While the Equal Employment Opportunity Commission has long considered carte blanche denial of employment because of a criminal record discriminatory, the new guidance is part of a developing trend. Excluded tenants recently sued the owners of a New York apartment complex because of a policy automatically excluding anyone with a criminal record. The apartment complex defended itself saying they were protecting residents. According to the civil rights firm representing the plaintiffs, the 2 year old case was “one of the first to challenge a blanket ban on housing imposed by a private landlord as a civil rights violation.” Don’t expect it to be the last.

Notably, HUD’s new guidance also prevents landlords from adopting broad-based policies that differentiate between certain types of crimes over others without more. Simply excluding those with a theft conviction wouldn’t work. So how does a landlord looking to safeguard its community comply with the law?

Interestingly, by being subjective: instead of blanket bans, landlords must consider the nature, severity, and recency of criminal conduct along with the rental history of the individual. If a policy would exclude someone with a 20-year-old conviction for theft received at the age of 18, it may be problematic. If a policy denies an apartment to a burglar released from jail last month, it is probably acceptable. Policies should also draw a contrast between arrests, convictions, and jail time – an arrest by itself isn’t proof of criminal conduct whereas convictions and jail time are much stronger. Even so, the principal question in a non-discriminatory policy is whether the individual poses a potential risk to resident safety or property, not whether they have a 10 year old conviction for DWI. Expect future disputes about “sex offenders.”

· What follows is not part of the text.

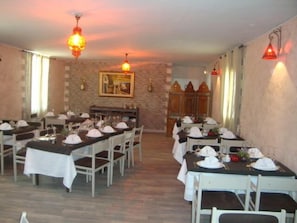 Food court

Naturally, there are some exceptions. Under the FHA, landlords can deny tenancy to persons with a conviction (not arrest) for drug manufacturing and distribution (but this does not extend to DRUG POSSESSION). Generally speaking, the FHA also doesn’t apply to small, owner-occupied buildings (with 5 apartments or less); single family homes rented without a broker; religious organizations providing non-commercial housing to a religious subset; certain private clubs (that favor club members over others); and certain areas designated for senior housing. But landlords should be cautious in relying on these very narrow exceptions.

Landlords and property managers should revisit their screening process to verify how tenants are denied housing if they have a criminal record. This is still a developing area of the law, and landlords would be wise to consult with a lawyer to determine if their policy could yield a discrimination claim.